Ces initiatives bien intentionnées vont-elles envenimer les choses à l’heure où la popularité d’Adblock Plus grimpe en flèche ?

Oliver Jameson, propriétaire du site de rencontres Cougared.com (où les hommes doivent avoir moins de 35 ans et les femmes, plus de 40) est très inquiet : « Si une masse critique d’internautes installe des logiciels de navigation qui empêchent l’affichage des publicités, inévitablement, les publicitaires verront une réduction du nombre de clics (car les clics aussi mesurent le trafic) et de la notoriété des marques. Comme à peu près tout ce qui est en ligne est quantifiable, les effets seront rapides et dévastateurs.
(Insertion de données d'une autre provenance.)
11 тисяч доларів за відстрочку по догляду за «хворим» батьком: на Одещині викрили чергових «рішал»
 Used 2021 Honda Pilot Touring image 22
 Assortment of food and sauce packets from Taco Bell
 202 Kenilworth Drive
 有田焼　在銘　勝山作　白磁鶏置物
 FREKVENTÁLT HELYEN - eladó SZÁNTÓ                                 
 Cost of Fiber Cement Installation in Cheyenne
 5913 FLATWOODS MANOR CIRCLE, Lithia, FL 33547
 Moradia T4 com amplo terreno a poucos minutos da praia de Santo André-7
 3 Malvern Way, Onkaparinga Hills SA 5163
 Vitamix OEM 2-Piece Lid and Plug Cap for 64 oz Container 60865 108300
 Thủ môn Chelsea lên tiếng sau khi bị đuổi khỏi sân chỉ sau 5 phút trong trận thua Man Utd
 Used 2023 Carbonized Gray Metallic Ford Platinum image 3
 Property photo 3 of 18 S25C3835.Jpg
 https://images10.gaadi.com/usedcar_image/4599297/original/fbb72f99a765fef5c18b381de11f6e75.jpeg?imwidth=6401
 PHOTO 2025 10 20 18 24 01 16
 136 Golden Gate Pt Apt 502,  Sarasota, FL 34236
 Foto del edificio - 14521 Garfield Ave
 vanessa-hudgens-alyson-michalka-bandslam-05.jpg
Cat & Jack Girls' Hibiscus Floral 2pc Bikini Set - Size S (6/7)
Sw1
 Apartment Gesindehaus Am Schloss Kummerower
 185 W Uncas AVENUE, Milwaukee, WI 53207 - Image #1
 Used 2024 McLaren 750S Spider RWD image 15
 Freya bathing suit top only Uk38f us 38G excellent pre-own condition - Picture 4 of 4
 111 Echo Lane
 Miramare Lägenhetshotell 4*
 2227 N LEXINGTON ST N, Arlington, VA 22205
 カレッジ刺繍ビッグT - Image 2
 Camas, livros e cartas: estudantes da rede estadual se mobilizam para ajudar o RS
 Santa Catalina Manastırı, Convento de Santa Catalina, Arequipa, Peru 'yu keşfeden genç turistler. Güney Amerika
Les publicitaires vont mettre en doute l’intérêt de placer leurs publicités sur les sites Web, ce qui signifie que de nombreux sites dont la survie dépend des rentrées publicitaires seront dégradés, abandonnés, et finiront simplement par cesser d’exister. En fait, beaucoup cesseront d’exister sous leur forme actuelle, en tant que services gratuits, et certains tenteront sans garantie de se recycler sous la forme d’une offre payante. »

D’autres sont plus optimistes. Richard Beaumont, du Cookie Collective, un organisme de recherche qui aide les entreprises à affronter le défi d’obtenir le consentement des internautes tout en respectant la nouvelle directive, dit : « La nouvelle loi peut réduire le besoin de recourir à des outils comme Adblock Plus. Les sites vont devoir obtenir le consentement des internautes, et vont donc concevoir leurs publicités de manière plus réfléchie. » Il dit que ça pourrait se révéler être une opportunité à saisir. « Les entreprises qui jouent la transparence et suscitent la confiance s’en sortiront bien. »

S’il a raison, il n’y a pas lieu de s’inquiéter.

Si c’est Jameson qui a raison, et que le blocage des pubs s’apprête à se répandre comme un virus, alors l’Internet va se retrouver en état de choc.